Pozostałe recenzje wykonawcy Memoriam
Recenzje
Grzegorz Pindor
2018-03-20
Memoriam - The Silent Vigil Memoriam - The Silent Vigil
Nasza ocena:
8 /10

Brytyjska supermaszyna idzie za ciosem i nawet nie rok po premierze debiutu ujawnia kolejne, nie odstające jakością dzieło.

„The Silent Vigil” nie przynosi żadnej wolty dla znanego już stylu, a wielbiciele Bolt Thrower powinni odnaleźć w tej płycie co najmniej kilka potencjalnych „odrzutów” z czasu schyłku wielkiej i niedocenionej przez media kariery Anglików. Sukces Memoriam to jednak zasługa gitarowych z Benediction, którzy pchają ten wózek z siłą tura, a drący się w specyficzny, duszny sposób, Karl Willetts, przypomina o tym, że wojna niejedno ma imię, z których najważniejsze jest nazwą jego kapeli.

W porównaniu z wydanym rok temu debiutem - o ile możemy w ogóle mówić o jakichkolwiek nowościach - mniej tu punka, pojawiły się (umownie) melodyjne fragmenty, a co najważniejsze, panowie minimalnie przyśpieszyli swoją kanonadę. Dzięki temu serwują strzały o potężnej sile rażenia, czego brakowało na debiucie. Jednakże, aby podtrzymać tradycję, gro utworów to perfekcyjnie walce, miażdżące całą konkurencję. Nie ma tu choćby krzty chęci wymyślania death metalu na nowo, nie ma blastów, nie ma popisów umiejętności, jest za to dół – ten liryczny, stanowiący trzon Memoriam, jak i brzmieniowy. W kontekście muzyki to nie bębny sieją największe spustoszenie, a wyjątkowo głośny, przyjemnie bulgoczący bas. W niektórych momentach („Soulless Parasite”, „No Known Grave”) to właśnie niskie tony przejmują dowodzenie nad atakiem i jest to, a jakże, balsam dla uszu każdego muzyka, dla którego przede wszystkim liczy się rytm. Z kolei dla fanów death metalu, jest to dobry pokaz, jak grać gęsto, finezyjnie, a jednak z precyzją i brutalnością przy zachowaniu rzadko słyszalnego w tej muzyce umiaru.

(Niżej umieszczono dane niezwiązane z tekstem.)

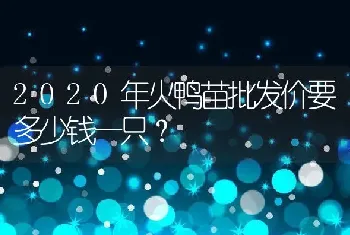 2020年火鸭苗批发价要多少钱一只？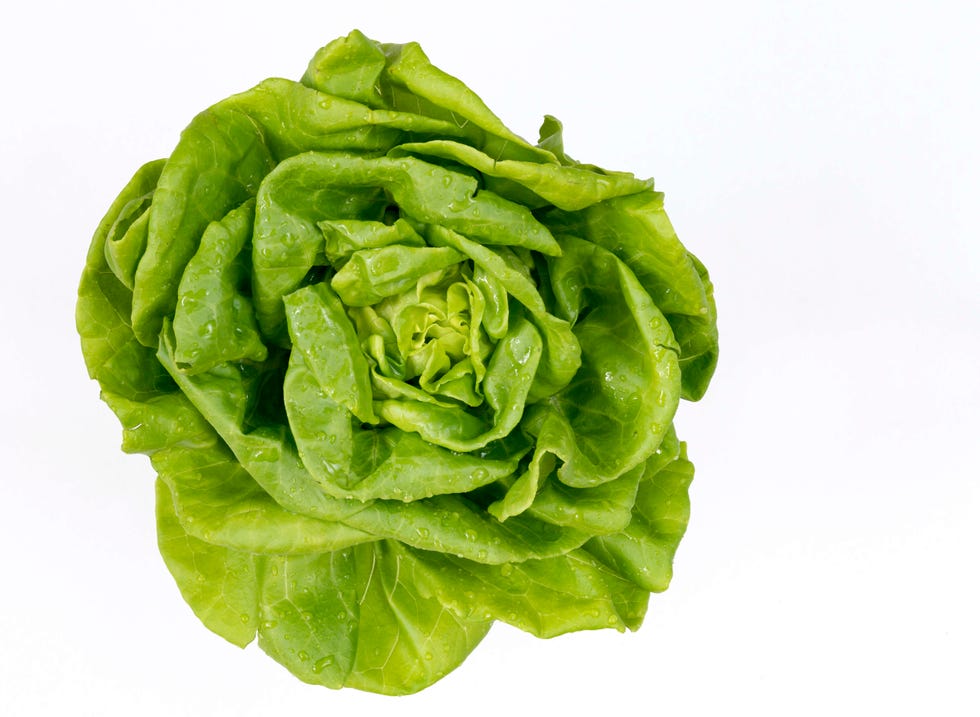 healthy produce or food boston lettuce high view of a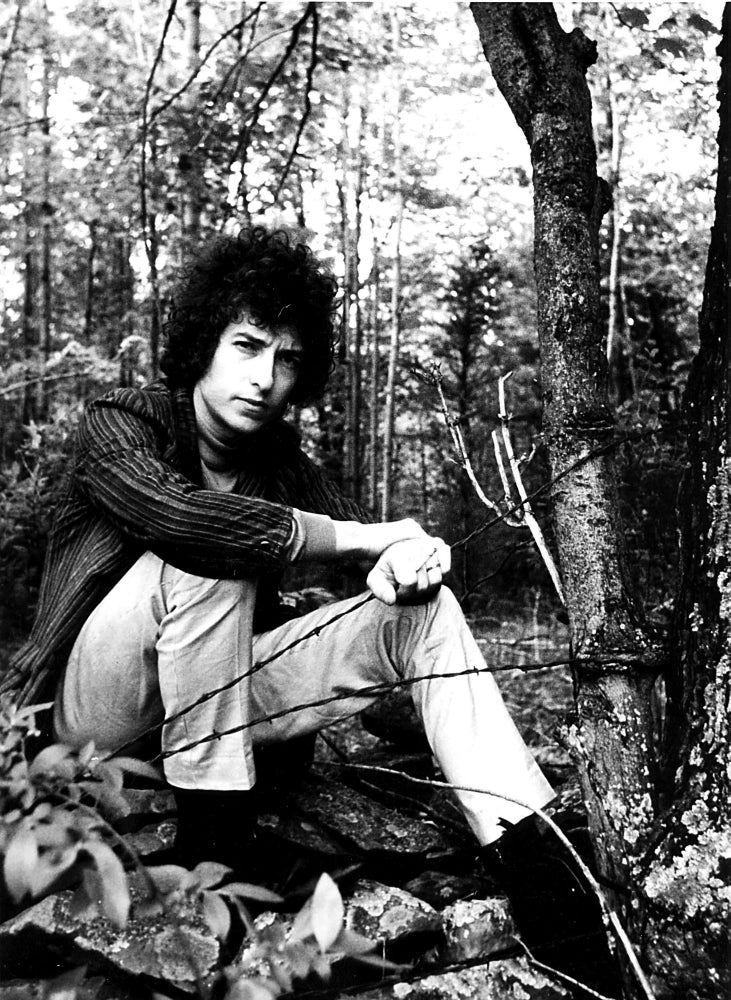 Bob Dylan in a forest Photo Print Image 1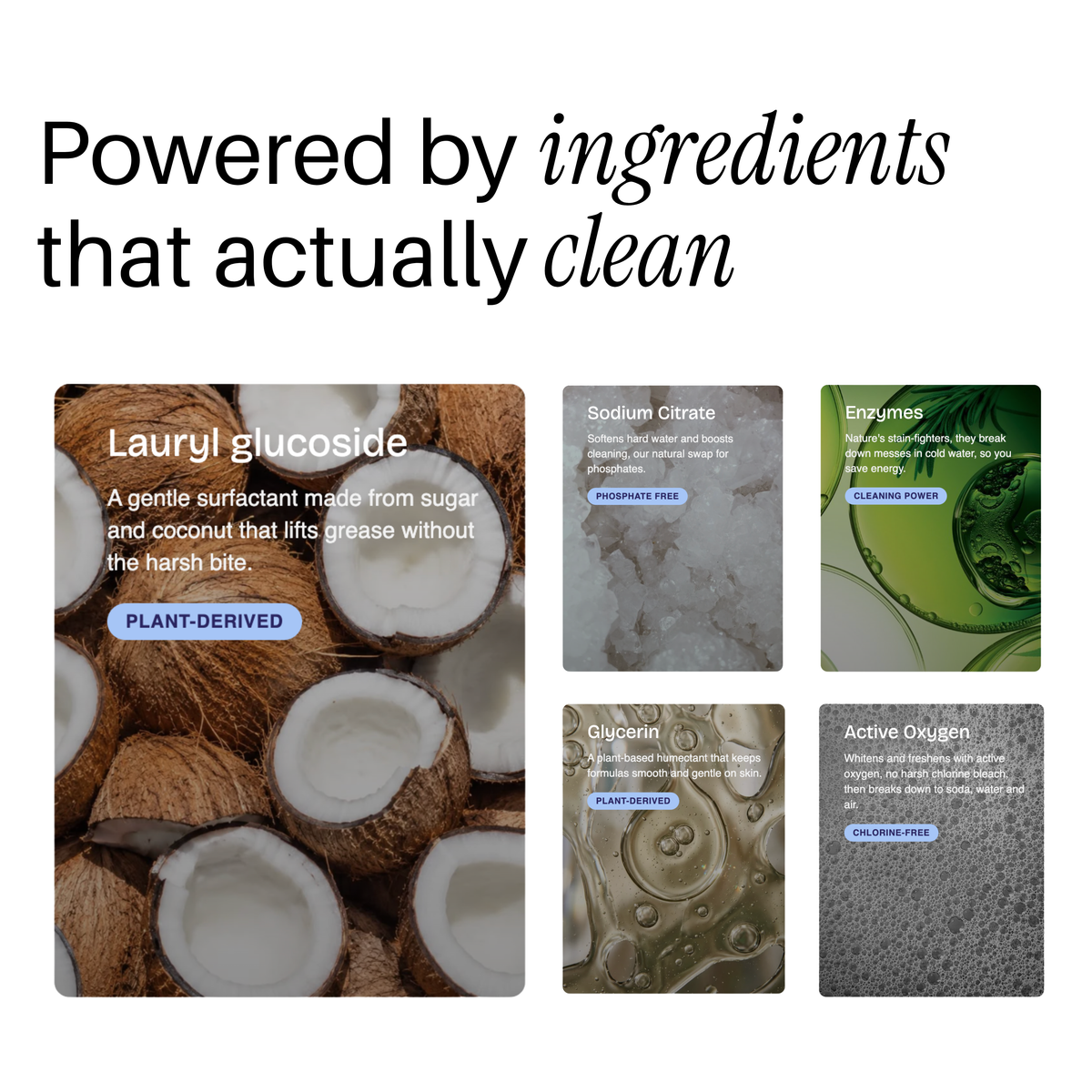 Whole Home Bundle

Dwójka Anglików praktycznie nie ma wad. Można im zarzucić, że grają nieco topornie i zachowawczo, ale to jest taki styl. Liczy się groove i granie jak najbardziej „retro”, a nowinki i wyścigi zostają dla młodzieży. Panowie zjedli zęby na śmierć metalu i to słychać. W związku z tym, „The Silent Vigil” to manifest dojrzałości, opanowania i taktycznego rozłożenia kolejnych salw. Im dłużej słucham tej płyty tym bardziej łapię się na tym, że ani jeden z utworów nie odstaje od reszty, a kiedy panowie popuszczają kompozytorskie wodze fantazji (po raz kolejny casus „No Known Grave”) ruszyłbym z nimi do bitwy.